_Problem to solve_
Below this line is the material. Write out only its lines from the one containing "I make videos" through the one containing "Where can our", both kept, exactly.

_Extracted information_
* * * * * * * * *

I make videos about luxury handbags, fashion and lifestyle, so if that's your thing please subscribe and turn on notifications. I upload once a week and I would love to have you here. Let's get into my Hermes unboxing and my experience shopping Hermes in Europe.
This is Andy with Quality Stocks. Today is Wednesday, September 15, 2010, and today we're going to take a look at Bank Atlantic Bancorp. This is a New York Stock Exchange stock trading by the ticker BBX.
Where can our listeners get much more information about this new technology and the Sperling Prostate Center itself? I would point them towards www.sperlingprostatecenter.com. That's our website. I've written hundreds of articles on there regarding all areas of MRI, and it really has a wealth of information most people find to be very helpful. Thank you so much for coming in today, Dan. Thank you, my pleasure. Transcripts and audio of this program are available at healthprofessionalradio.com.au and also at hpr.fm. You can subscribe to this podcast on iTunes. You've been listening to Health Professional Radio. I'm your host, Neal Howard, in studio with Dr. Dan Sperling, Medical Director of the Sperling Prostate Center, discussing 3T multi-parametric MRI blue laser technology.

* * * * * * * * *

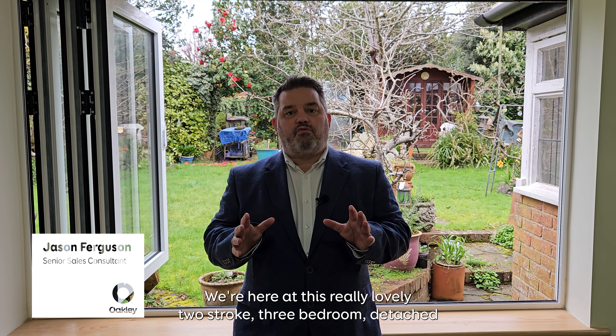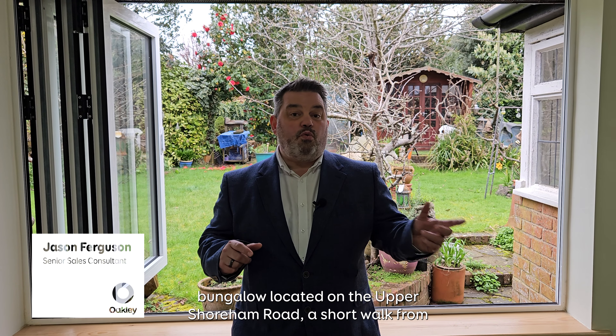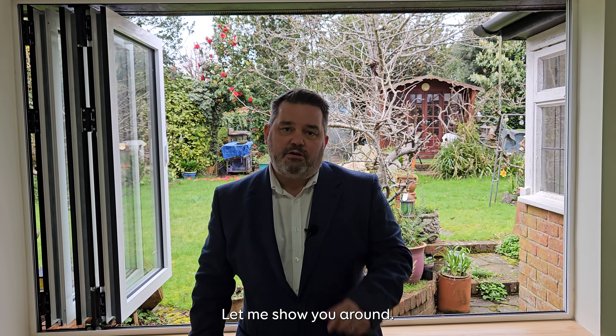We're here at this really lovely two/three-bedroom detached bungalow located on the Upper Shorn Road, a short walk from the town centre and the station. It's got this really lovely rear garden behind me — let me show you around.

* * * * * * * * *

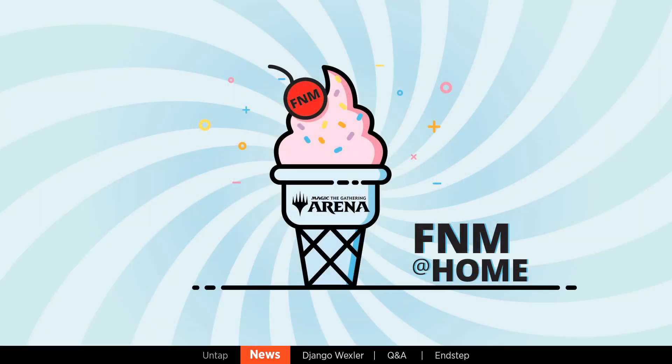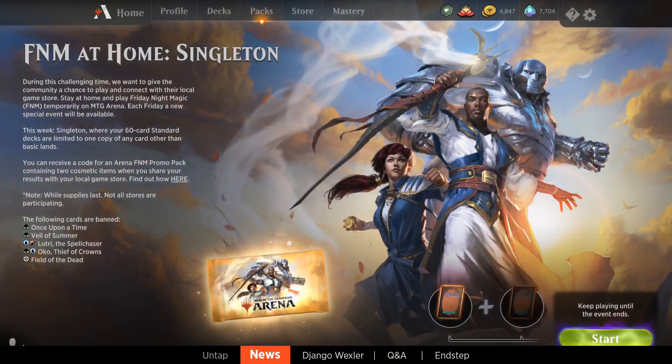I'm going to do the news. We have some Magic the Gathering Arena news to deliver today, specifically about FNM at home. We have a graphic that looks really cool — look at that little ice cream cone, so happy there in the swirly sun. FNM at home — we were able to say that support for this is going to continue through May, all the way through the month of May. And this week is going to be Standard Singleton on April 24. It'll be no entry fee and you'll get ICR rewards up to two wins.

* * * * * * * * *

_Result of the exercise_
I make videos about luxury handbags, fashion and lifestyle, so if that's your thing please subscribe and turn on notifications. I upload once a week and I would love to have you here. Let's get into my Hermes unboxing and my experience shopping Hermes in Europe.
This is Andy with Quality Stocks. Today is Wednesday, September 15, 2010, and today we're going to take a look at Bank Atlantic Bancorp. This is a New York Stock Exchange stock trading by the ticker BBX.
Where can our listeners get much more information about this new technology and the Sperling Prostate Center itself? I would point them towards www.sperlingprostatecenter.com. That's our website. I've written hundreds of articles on there regarding all areas of MRI, and it really has a wealth of information most people find to be very helpful. Thank you so much for coming in today, Dan. Thank you, my pleasure. Transcripts and audio of this program are available at healthprofessionalradio.com.au and also at hpr.fm. You can subscribe to this podcast on iTunes. You've been listening to Health Professional Radio. I'm your host, Neal Howard, in studio with Dr. Dan Sperling, Medical Director of the Sperling Prostate Center, discussing 3T multi-parametric MRI blue laser technology.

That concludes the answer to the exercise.